Retired Pastors Sue Woke Denomination After $90M Goes Missing from Pension Fund
Following a leadership transition in June 2021, the African Methodist Episcopal Denomination discovered financial irregularities in the denomination’s pastoral pension fund. The scope of these irregularities has recently come to light, as three separate lawsuits have been filed against the denomination and its former head of retirement services, Jerome V. Harris, on behalf of pastoral retirees in three different state jurisdictions. According to court documents, the fund, which was purported to contain $126 million in assets at the time of the leadership transition, may actually contain less than $36 million in assets. Church officials claim that current denomination staff do not understand where the funds went, and only the former head of retirement services would be able to explain the discrepancy in assets.
AARP Foundation legally represents a number of retired clergy from the AME who depend on the pension to pay monthly bills, and the foundation has petitioned to transition the litigation into a class action lawsuit on behalf of as many as 5,000 retirees. The AME department of retirement services issued a statement on March 30, claiming that they continue to cooperate with federal law enforcement and are “committed to making every fund participant whole by restoring their full investment plus interest.” The fact that the AME suspended pension payments to retirees on March 10 casts doubt on whether the fund will ever be able to meet its obligations to retirees, or keep its promises to pay back all that has been lost plus interest.
The circumstances under which the fund’s assets went missing are rather murky, but fraud and incompetent investment strategies are the two greatest possibilities. Federal authorities are involved in a financial crimes investigation, indicating that fraud is suspected. However, court documents indicate that Jerome V. Harris performed his financial management duties with little or no oversight from denomination leadership, resulting in an investment strategy that invested money in a variety of sketchy investments, including Florida land, a solar farm, and a venture capital outlet that no longer exists.
The AME is one of the wokest denominations in the United States, producing large numbers of “Liberationists” like James Cone the father of Black Liberation Theology, a heretical bastardization of the true Gospel.
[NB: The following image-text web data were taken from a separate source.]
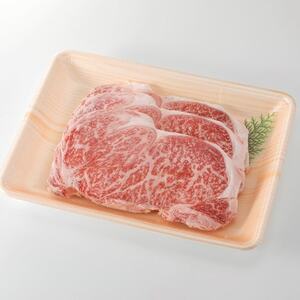 【鹿児島県産】黒毛和牛 サーロインステーキ 約510g (約170g×3枚)(枕崎市) B3-89【配送不可地域：離島】【1616196】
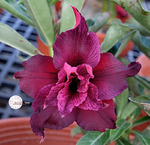 Adenium Obesum	KO_139 (5)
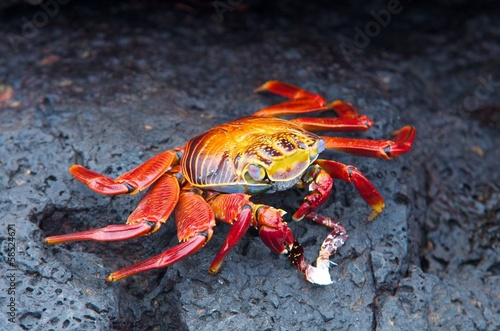 red rock crab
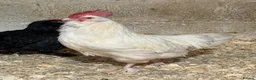 Chickens poultry for sale: 3 laying hens and cockerel.  - Advert 3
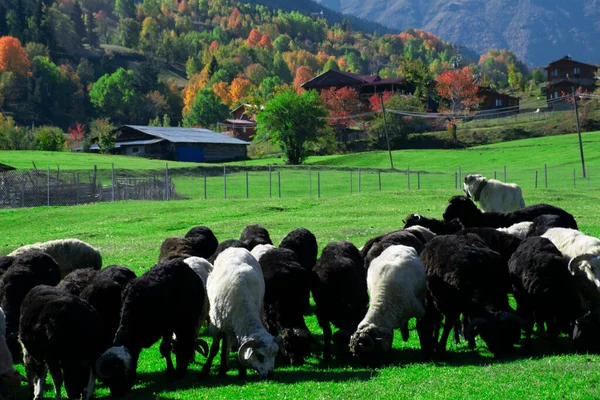 Corderos Cabras Pastando Prados Alrededor Savsat Plateau Artvin Corderos Cabras —  Fotos de Stock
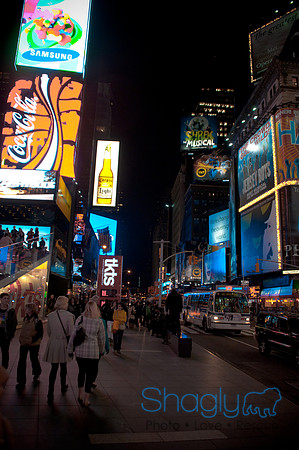 New York-4515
Based on conventional wisdom that those who go woke will eventually go broke, and the fact that one of the major investments was a solar farm, a stereotypical leftist pie in the sky investment, is it possible that the woke chickens have finally come home to roost at the AME? No matter the result of the lawsuits and investigations, one thing is certain, if you follow the typical logic of Black Liberation Theology; the whole retirement system of the AME must have failed not because of Jerome Harris, or his investments, but rather because it is rooted in a system of financial white supremacy that is designed to oppress the clergy of the AME.